It isn't presently but certainly could be; for the prototype it tries to
map a large page when needed and, should that fail, it will fall through
to the normal fault around code.

I would think we would want a separate parameter, as I can see the usefulness
of more fine-grained control. Many users may want to try mapping a large page
if possible, but would prefer a smaller number of bytes to be read in fault
around should we need to fall back to using PAGESIZE pages.

> fault_around_bytes can be set via sysfs so there is a natural way to
> control this feature there I think.

I agree; perhaps I could use "fault_around_thp_bytes" or something similar.

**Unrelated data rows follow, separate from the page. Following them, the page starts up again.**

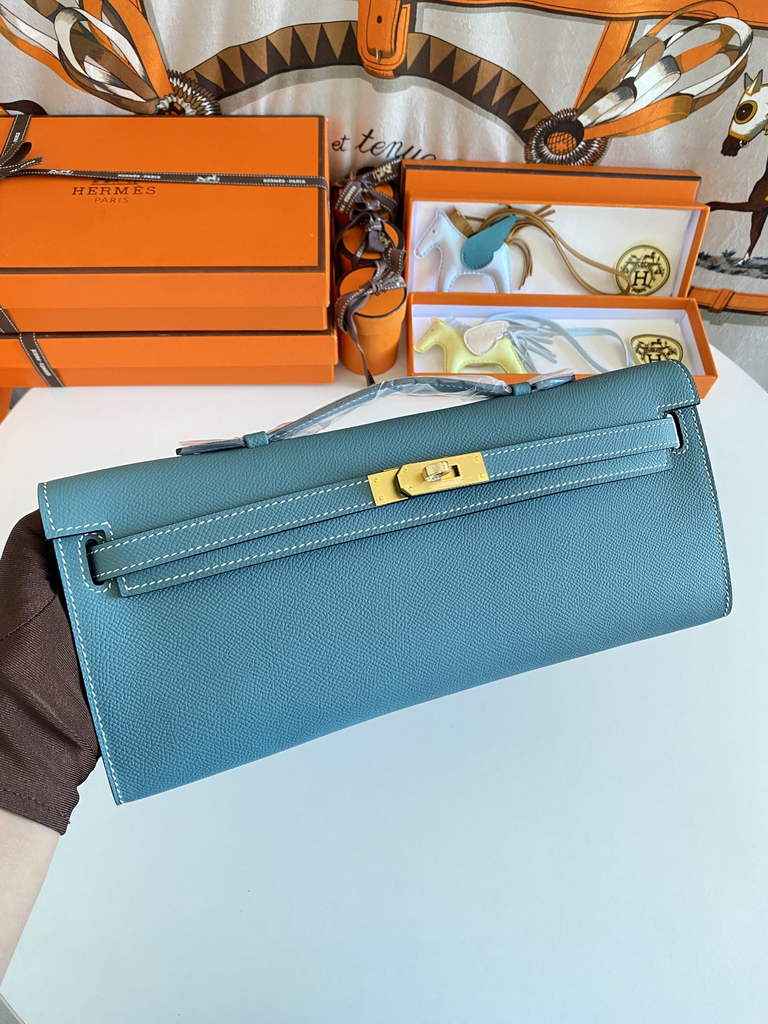 Hermès Kelly Cut Clutch 31cm Epsom Leather Blue Gold
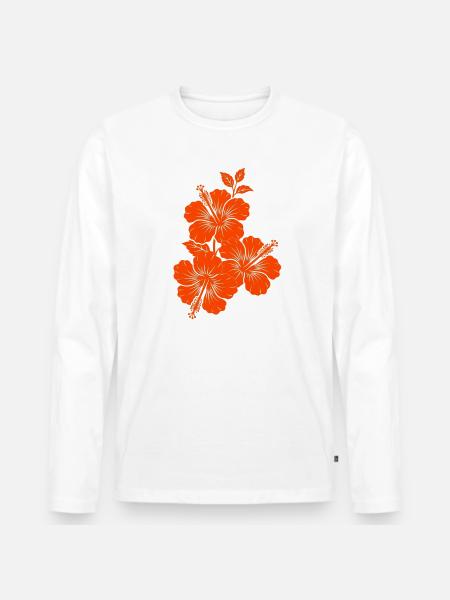 Orange Hibiscus Triple Flower Silhouette - Men's Premium Organic Long Sleeve Shirt - white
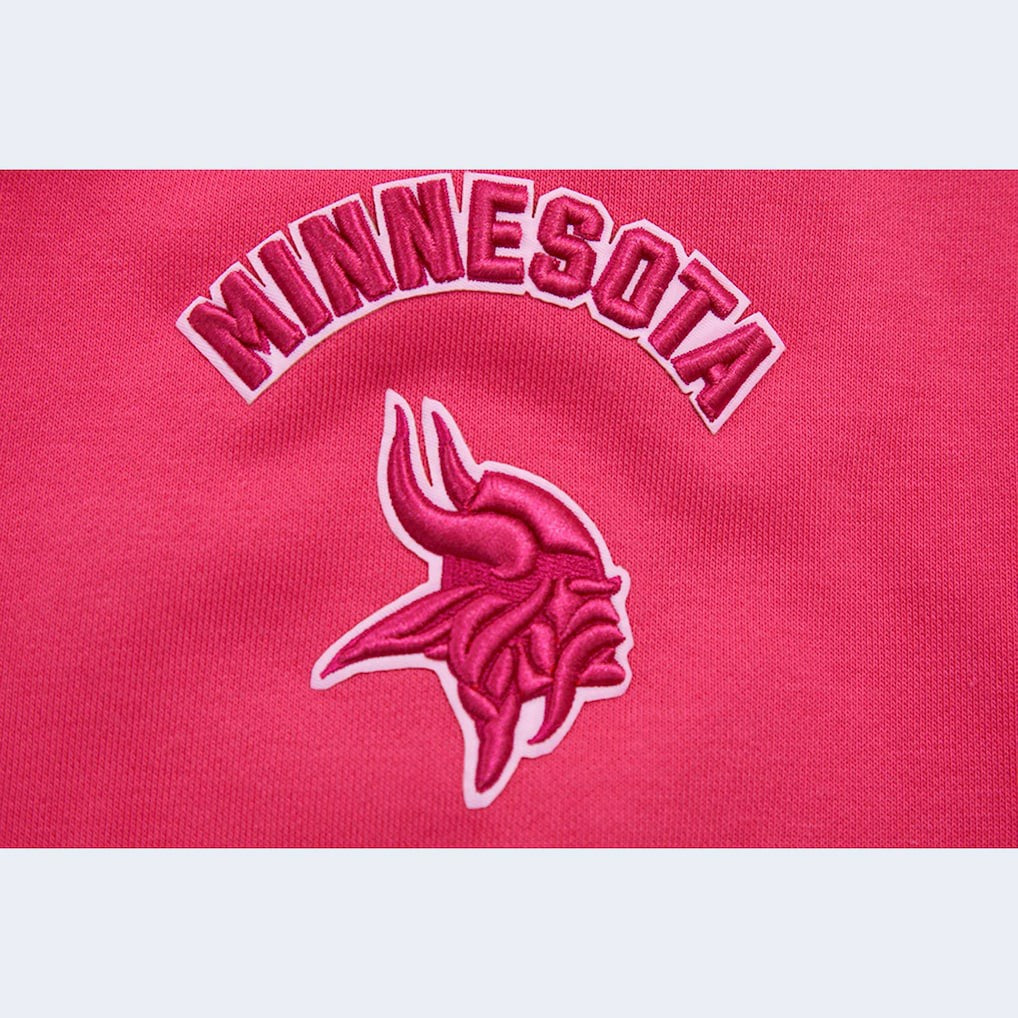 Minnesota Vikings Pro Standard Women's Triple Pink Cropped Pullover Hoodie on sale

>> Since this approach will map a PMD size block of the memory map at a time, we
>> should see a slight uptick in time spent in disk I/O but a substantial drop in
>> page faults as well as a reduction in iTLB misses as address ranges will be
>> mapped with the larger page. Analysis of a test program that consists of a very
>> large text area (483,138,032 bytes in size) that thrashes D$ and I$ shows this
>> does occur and there is a slight reduction in program execution time.
> 
> I think we would also want such a feature for regular writable pages as
> soon as possible.

That is my ultimate long-term goal for this project - full r/w support of large
THP pages; prototyping with read-only text pages seemed like the best first step
to get a sense of the possible benefits.